Daylight Saving Time started Sunday: Spring ahead

Benjamin Franklin urged us to be “early to bed, early to rise” so it’s no surprise he’s the busybody behind Daylight Saving Time.

Franklin proposed the idea in 1784 during his ambassadorship to France as a satirical comment on the Parisian tendency to sleep until noon.

The joke caught on. The U.S. adopted Daylight Saving Time after World War I, as a way to take better advantage of daylight hours and save money on illumination.

Does it still save energy? Ask that question when you’re trying to drag yourself out of bed an hour earlier Sunday morning.

We jumped to Daylight Saving Time at 2 a.m. Sunday, when the clocks moved ahead an hour, except in Arizona and Hawaii, where the clocks stayed right where they were.
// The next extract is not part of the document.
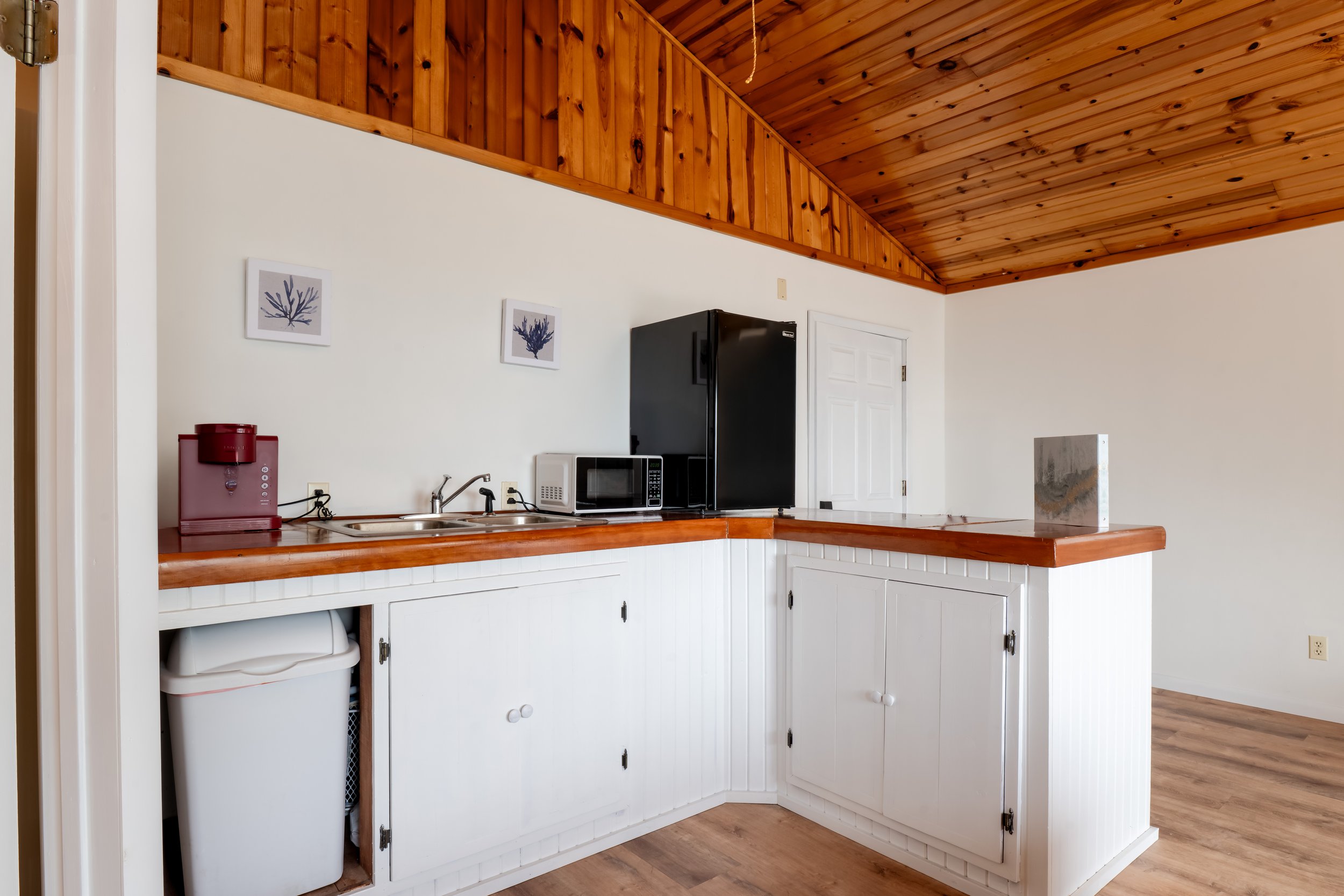 Kitchen area with white cabinets, countertop, black refrigerator, microwave, and red water dispenser on the counter. Two framed pictures of purple corals hang on the wall. Wooden ceiling and a partial view of a white door.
Why? Hawaii is so close to the equator that the seasonal variation in the length of daylight hours is small. In Arizona, the retirees don’t want you tell them to change anything.

A few facts about Daylight Saving (no 's’) Time demonstrate that Arizona may have a point:

- Pedestrian deaths increase in November on the first night after Daylight Saving Time ends, likely because drivers find it suddenly darker at 6 p.m., and harder to see pedestrians.
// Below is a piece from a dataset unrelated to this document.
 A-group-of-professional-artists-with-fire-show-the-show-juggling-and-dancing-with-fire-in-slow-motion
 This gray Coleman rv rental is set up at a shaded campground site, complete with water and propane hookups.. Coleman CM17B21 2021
- Daylight Saving Time used to end in October. In 2007, aware that child pedestrian deaths peak on Halloween, and with the encouragement of the candy industry, lawmakers extended it to the first Sunday in November, to give little goblins more light in the early evening.
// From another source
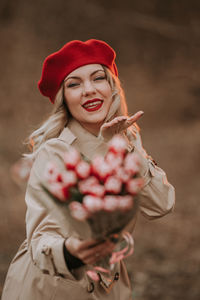 Portrait of smiling young woman blowing kiss while holding bouquet outdoors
- To decode the time signifiers that follow national news stories, remember that in the summer Eastern Standard Time (EST) becomes Eastern Daylight Time (EDT), Pacific Standard Time (PST) becomes Pacific Daylight Time (PDT), and so on.

- Eastern Daylight Time extends from the second Sunday in March to the first Sunday in November. Lonesome Standard Time, according to country singer Larry Cordle, begins from the first moment your old heart broke.